Also, is there some way to attribute a solved thread to a specific person? So far I've been unable (to even search) to find a method to say that "this person's" reply was the one that answered my question. And at which point it would be the reply stated directly below the OP's question.
Many other forums practice this same method.

I love this forum and the people on it since it has helped me countless times with my coding, but I think there are some changes that could take place in formatting that would make things much cleaner and more professional. I personally love the format of SolidWork's Forums:

SolidWorksCorrect.jpg
https://forum.solidworks.com/thread/43655

Notice the correct answer being chosen by the OP has been shown in his original post and I also like the indenting for replies. It's ever so slightly as to not waste a ton of space, but easy enough to tell who is replying to whom. 
And sorry for adding this to this thread (I think I'll just make a new one somewhere), but it seemed somewhat relevant to the banters taking place. :D

----------


## arlu1201

> No comment



SNB,

You are talking about 2 different competitions.

----------


## Kyle123

> Also, is there some way to attribute a solved thread to a specific person?



Hmm I'm not really a fan of this either, frequently there several solutions posted to the question, who is best placed to rate the answer? I've seen posts on both SO and EE credited as answers when there are far better alternatives listed. Just because the OP marks a post as being the correct answer, this does not mean it is the best solution.

There are many ways to skin a cat and it should be encouraged for people to post their own take on a particular scenario.

----------


## Phoenix5794

> Hmm I'm not really a fan of this either, frequently there several solutions posted to the question, who is best placed to rate the answer? I've seen posts on both SO and EE credited as answers when there are far better alternatives listed. Just because the OP marks a post as being the correct answer, this does not mean it is the best solution.
> 
> There are many ways to skin a cat and it should be encouraged for people to post their own take on a particular scenario.



Then perhaps there could be a system to differentiate between the numerous 'answers', regardless of whether or not they are the 'best' answer.
When I'm searching through this SolidWorks forum, for instance, it helps me to know which ones have a solution (whether best or not) and to find a solution easily.
Often times I'm sifting through pages and pages of threads without finding a hint of an answer.
Now of course this is in regards to something much more specific because coding is far more complex than a UI error in SolidWorks, but I think there could still be some way to alleviate the searching function of the server.

----------


## romperstomper

> I've seen posts on both SO and EE credited as answers when there are far better alternatives listed.

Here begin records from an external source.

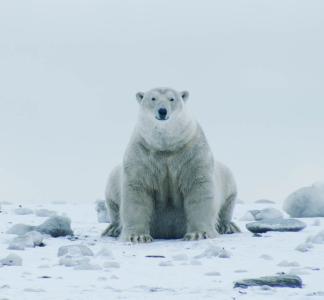 Polar bear in the Arctic National Wildlife Refuge, Alaska.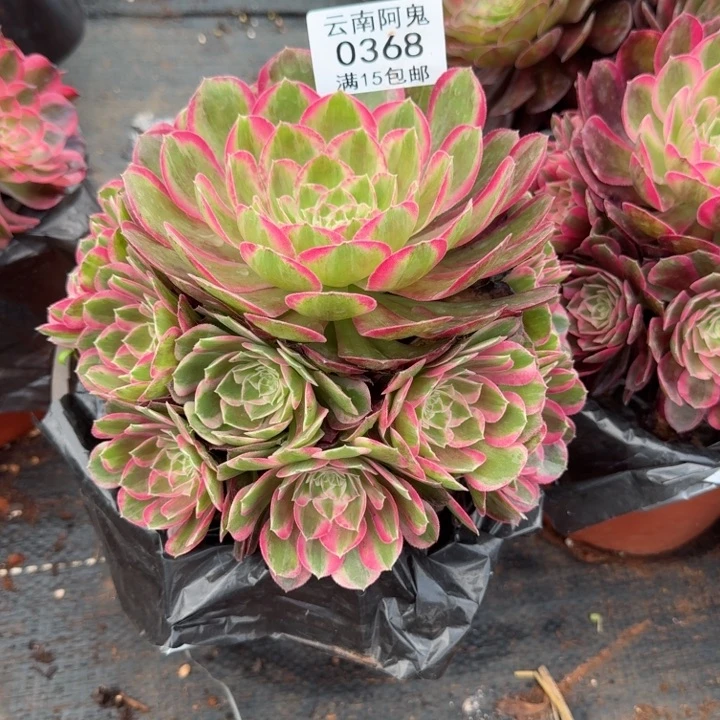 368号孔雀翎啊啊啊啊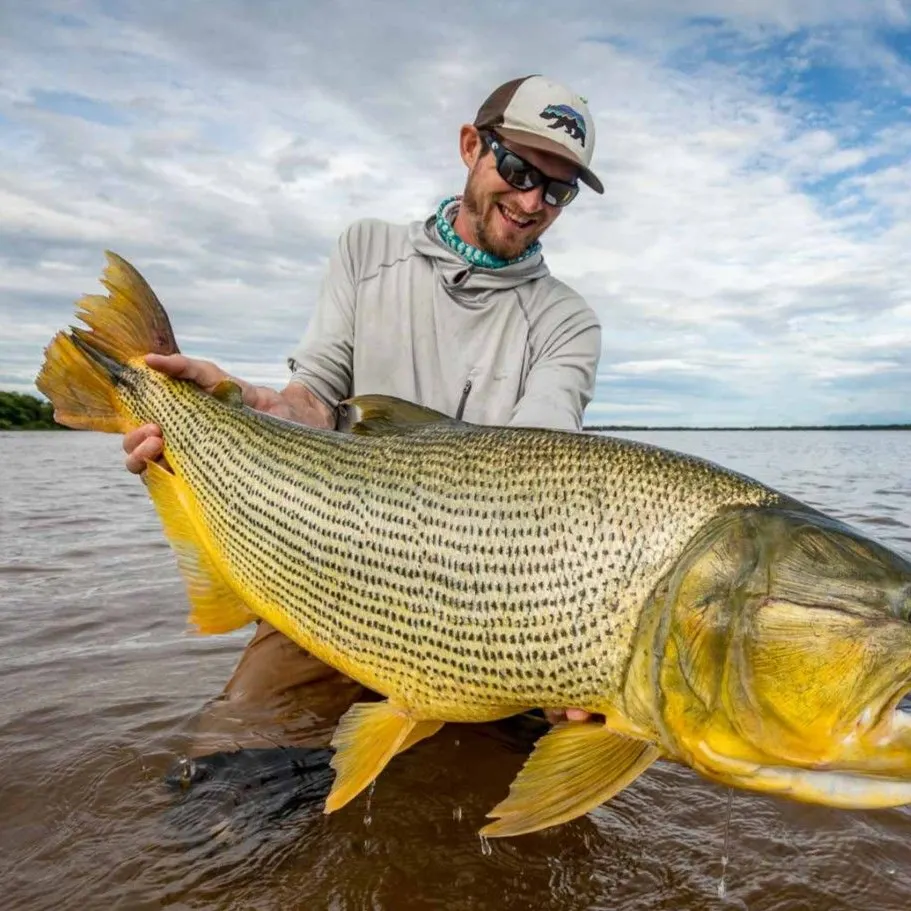 The most recent Golden dorado catches on Fishbrain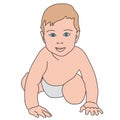 Vector realistic drawn baby on white. Cute little baby boy dressed in white diaper, creeps Royalty Free Stock Photo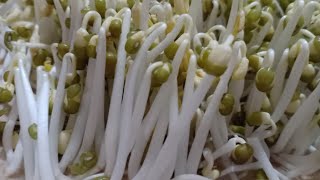 #(giá đỗ1) bằng nồi cơm điện trắng mập an toàn vệ sinh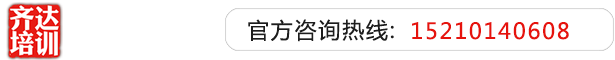 操逼骚逼操逼操你骚逼齐达艺考文化课-艺术生文化课,艺术类文化课,艺考生文化课logo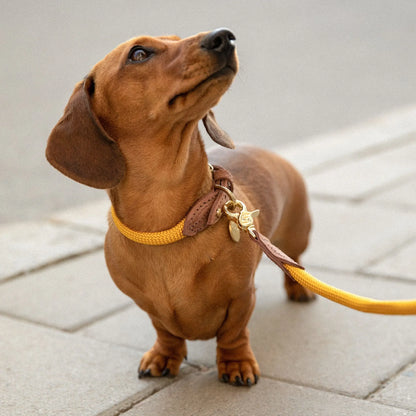 Hundehalsbånd Torekov Sunflower Yellow - Denjo Dogs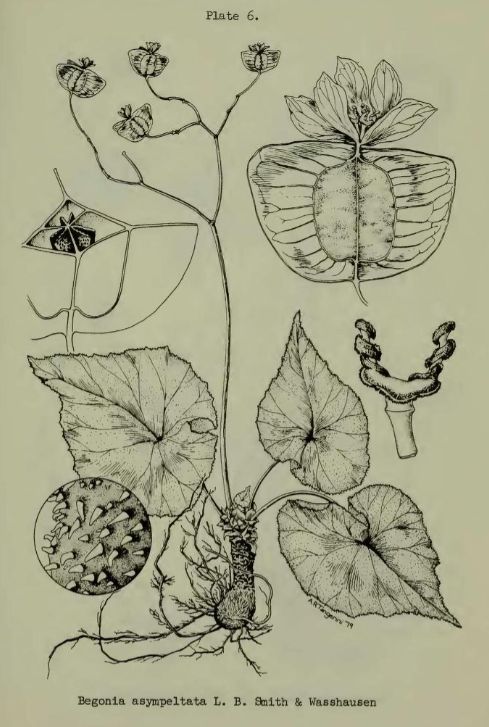 B. asympeltata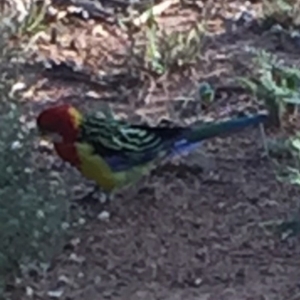 Platycercus eximius at Bungendore, NSW - 28 Feb 2016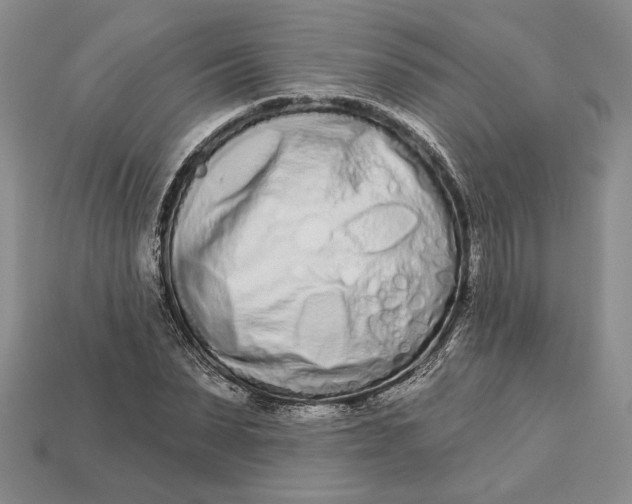 X0000112720879200909101444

I'd agree that nothing will work 100% of the time but I don't see that means you should skip something that works most of the time. IMO if you are going to have a mark solved facility, it ought to be by choosing one or more answers. Of course, without points and money at stake, or cleanup volunteers, I'm not sure either works terribly well.

----------


## Kyle123

I agree that if you're going to have a SOLVED status then choosing answer/s probably works the best, however the purpose/design of those sites differs somewhat from this, I'd argue that SO actively discourages discussion based on it's format, though I like that better answers can be distinguished from the amount of up-votes awarded by the community regardless of them being marked correct, similarly I like that multiple solutions can be marked as answers on EE.

I'll review my previous comments, having a SOLVED status based on particular answers and with a separate votes per answer (rather than a rep system) measure would be far better than the present scenario. Perhaps like an SO that encourages discussion, although I wouldn't be opposed to the removal of the SOLVED status altogether.

@romper Out of interest which do you prefer having modded over here and MrE?

----------


## romperstomper

From a mod point of view, I prefer the MrExcel way, partly as it's less work but also because the process is too hit and miss with no real way of enforcing it , so it just feels like a waste of time. In fact, a partly successful Solved process can be worse, if people restrict their searches to only Solved threads.(EE is as you say a different story - it's easy to enforce there)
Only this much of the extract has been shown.